Equally, the service sector and manufacturing jobs that await workers exiting the agricultural sector are not always high-productivity jobs. Firms with less than 20 workers employ 72% of the manufacturing workforce and produce merely 12% of the manufacturing output. And nearly 40% of the services output is produced by merely 2% of the service sector workers, employed in the largest services firms.

These facts in themselves point to the urgent need for productivity-enhancing reforms—in agriculture, manufacturing as well as services. How can productivity be enhanced?

The Agenda offers a number of compelling proposals ranging from the use of high-yield seeds to improved irrigation techniques to the removal of the infamous tariff inversion problem (where the high level of trade barriers on intermediate inputs relative to final goods disincentivizes domestic production). In laying out these proposals, it also underscores the critical need to enhance the scale of production in each of the sectors: Landholdings in India are typically too small, the average manufacturing firm is small and under-productive, as are firms in the services sector.

On the issue of scale, a few proposals are especially noteworthy. To deal with small and fragmented landholdings, the document proposes the use of a modern land-leasing law that balances and protects the rights of the tenant and landowners as a potential solution.

For manufacturing, the document proposes the development of a few Coastal Economic Zones (CEZs) operating under a liberal economic environment (for instance, without the restrictive labour laws that bedevil the rest of the economy) and with an abundance of land—much as in China, where large firms, operating in its special economic zones, sometimes each employ hundreds of thousands of workers.

The document’s chapters on transport and physical connectivity, as also on digital connectivity, offer a detailed picture of the existing infrastructure framework, with many specific proposals on improving efficiency and closing gaps in coverage.

The government’s desire to leverage technology to improve efficacy, while laudable, requires a strong digital network and an ability to provide reliable end-to-end e-services.
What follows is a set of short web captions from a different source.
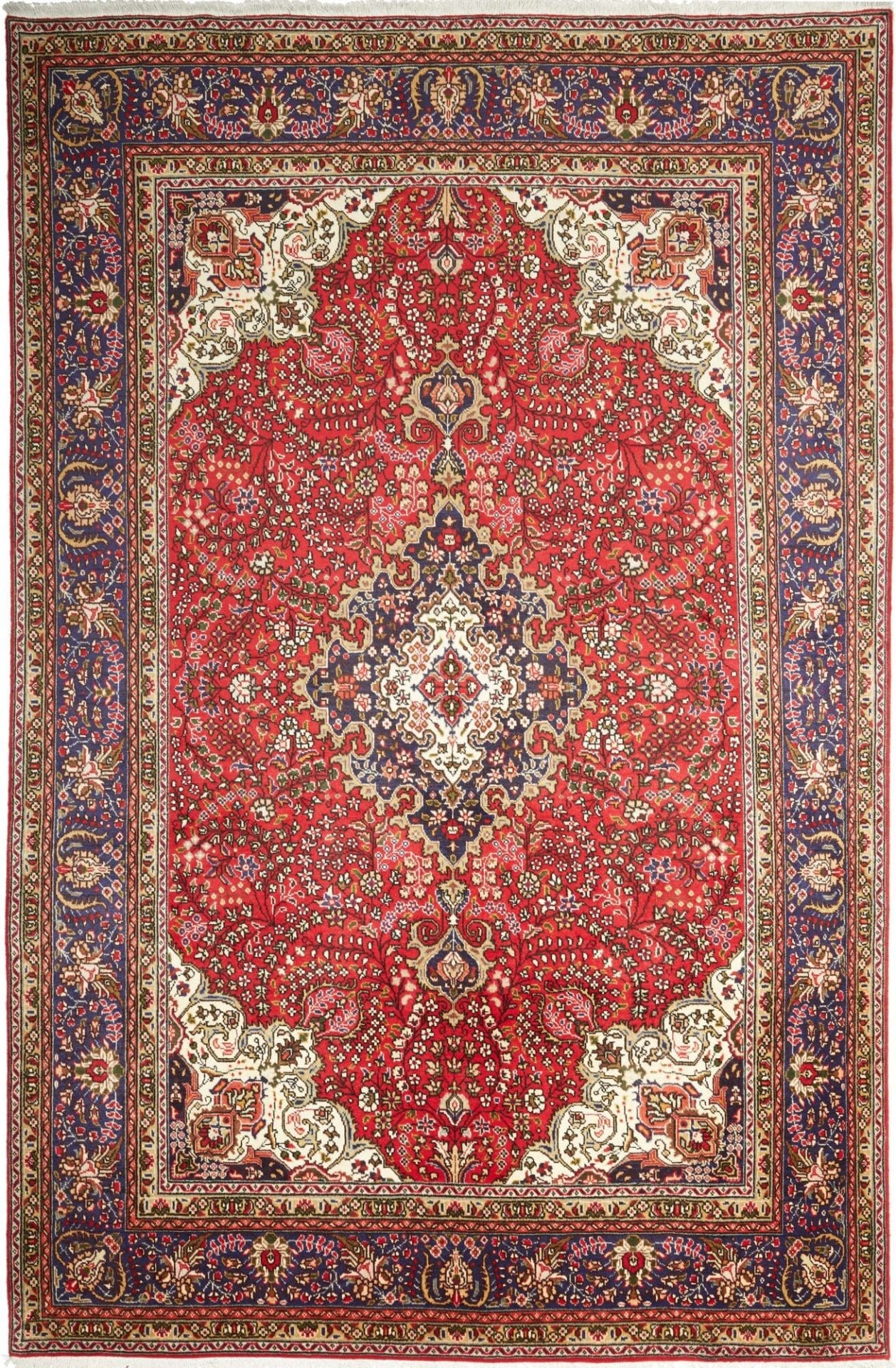 Täbriz Teppich 197 x 297cm, handgeknüpft, florales Muster, Perserteppich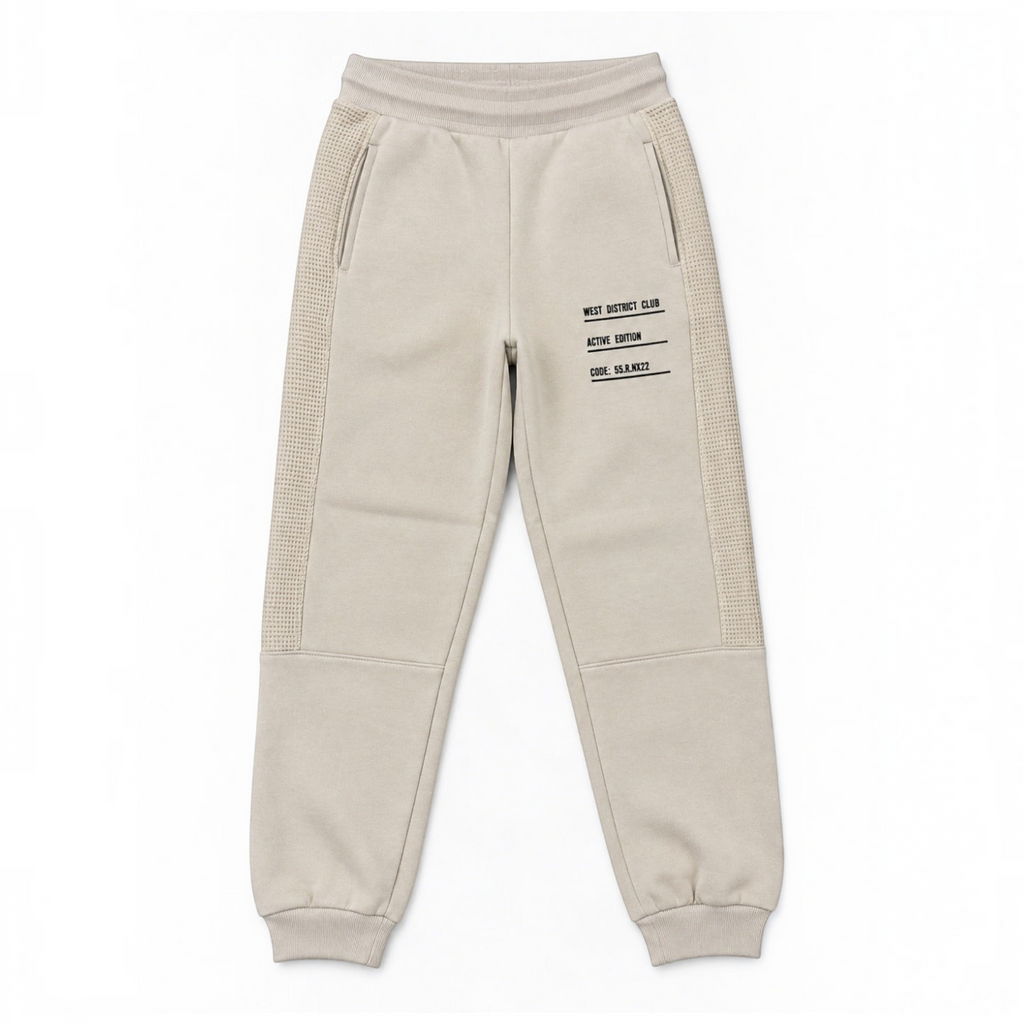 victor and jane boys beige fleece jogger pants with waffle texture side panels and graphic print detail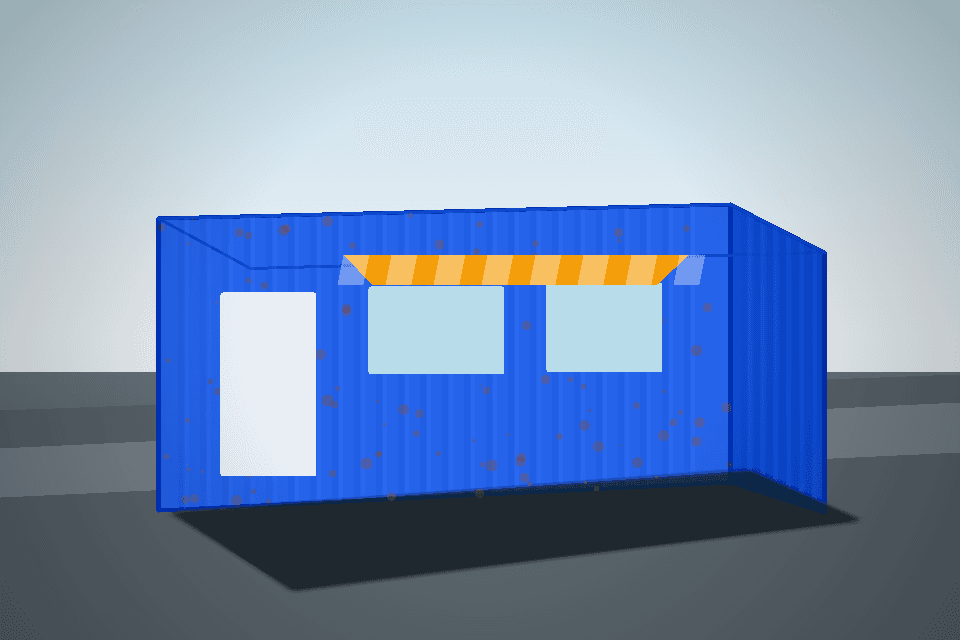 Exterior de bodega 20 pies en alquiler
There is considerable unevenness across the country in access to the digital network and in the ability to benefit from such services. The Agenda highlights priorities in this area and offers its thoughts on how these gaps might be bridged.

The analysis and proposals provided in the Three Year Action Agenda range from the actionable to the aspirational. We shall, in the fullness of time, see how many of its proposals are taken up and implemented. Be that as it may, we believe that its primary contribution will be in serving as a base of knowledge and analysis to support any future discussions on policy reform; it should be welcomed.

Pravin Krishna and Vivek Dehejia are, respectively, Chung Ju Yung distinguished professor of international economics at Johns Hopkins University and resident senior fellow at the IDFC Institute.